I wrote a full working example with simulated data. This question is based off of a problem that I am actually working on, but for simplicity in understanding, I am working with the simulated set. I was able to get the above approach to work, but (a) I am not sure if this is a correct approach, and (b) how to appropriately model the noise when I need prior and hyperprior.

Here is the notebook on colab. I thought it was clearer than trying to fit all the code/figures into one long post.

Thanks!

You can use a hierarchical normal prior and exponentiate it. Or a LogNormal which is exactly the same.

Great, thanks for the reply! So you mean something like this:

# Normal prior with exponential
err_mu     = pm.Normal("err_mu", mu=0, sigma=10)
err_sigma  = pm.HalfNormal("err_sigma", 1)
err        = pm.math.exp(pm.Normal("err", mu=err_mu, sigma=err_sigma, dims=("group"))

# Log normal for all?
err_mu    = pm.LogNormal("err_mu", mu=0, sigma=0.25)
err_sigma = pm.LogNormal("err_sigma", mu=0, sigma=0.25)
err       = pm.LogNormal("err", mu=err_mu, sigma=err_sigma, dims=("group"))

# Mean of distribution
mu = intercept[groupidx] + slope[groupidx]*xdata
    
# Likelihood
y_likelihood = pm.Normal("y_likelihood", mu=mu, sigma=err[groupidx], observed=ydata, dims="obs_id")

or am I getting it entirely wrong?

On a more fundamental note, are there any suggested resources for how to model noise? Is it something that really makes a difference? EDIT: what I mean by makes a difference, for some processes we may not have any idea what generates the noise in the likelihood, so in this case do we just want to test distributions until our model achieves good performance?

UPDATE:

I tried both

    # Log normal distribution for lambda param
    sigma_err  = pm.Lognormal('sigm_err',mu=0, sigma=0.5)
    # Exponentional distribution for likelihood noise
    err        = pm.Exponential("err",lam=sigma_err,dims=("group"))

   # All log normal
    err_mu    = pm.LogNormal("err_mu", mu=0, sigma=0.25)
    err_sigma = pm.LogNormal("err_sigma", mu=0, sigma=0.25)
    err       = pm.LogNormal("err", mu=err_mu, sigma=err_sigma, dims=("group"))

and both worked w/o divergence.

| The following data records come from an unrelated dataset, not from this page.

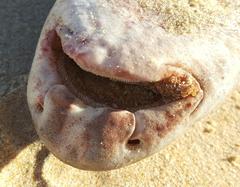 Haploblepharus fuscus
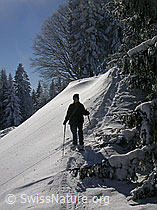 F018217: Schneeschuhläuferin in Winterlandschaft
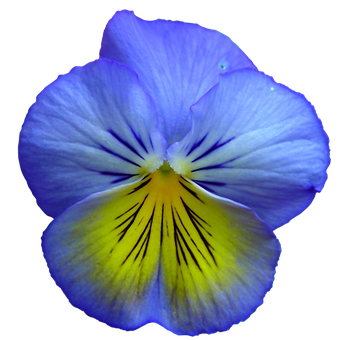 Vibrant Blue Pansy Flower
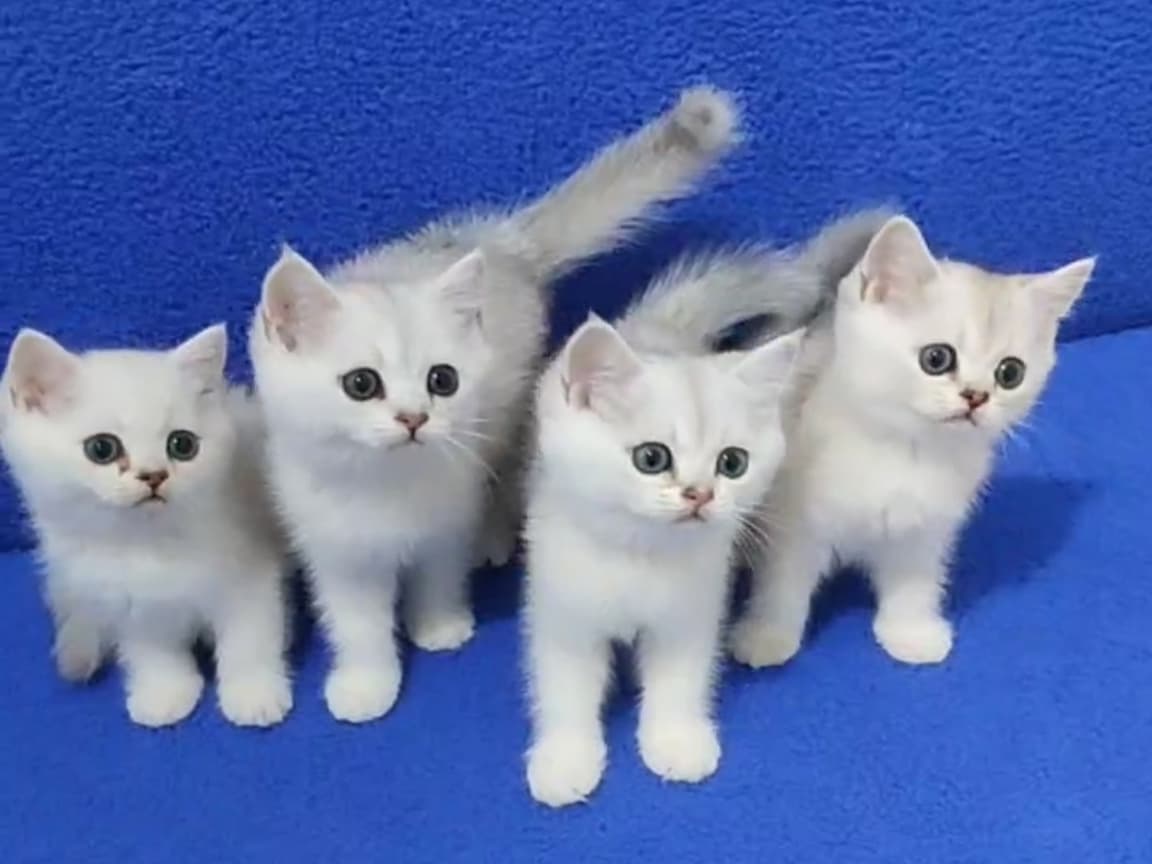 Silver ponçikler teslime hazırdır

Both converged on nearly the same solution, but neither quite accurately captures the true likelihood noise. I also tried

err_mu     = pm.Normal("err_mu", mu=0, sigma=10)
err_sigma  = pm.HalfNormal("err_sigma", 1)
err        = pm.math.exp(pm.Normal("err", mu=err_mu, sigma=err_sigma, dims=("group")))

and that failed miserably with hundreds of divergences.

Any input on this? Truthfully, the only intuition I have is that the noise should be positive. Otherwise, I am sort of guessing as to how to select and appropriate distribution.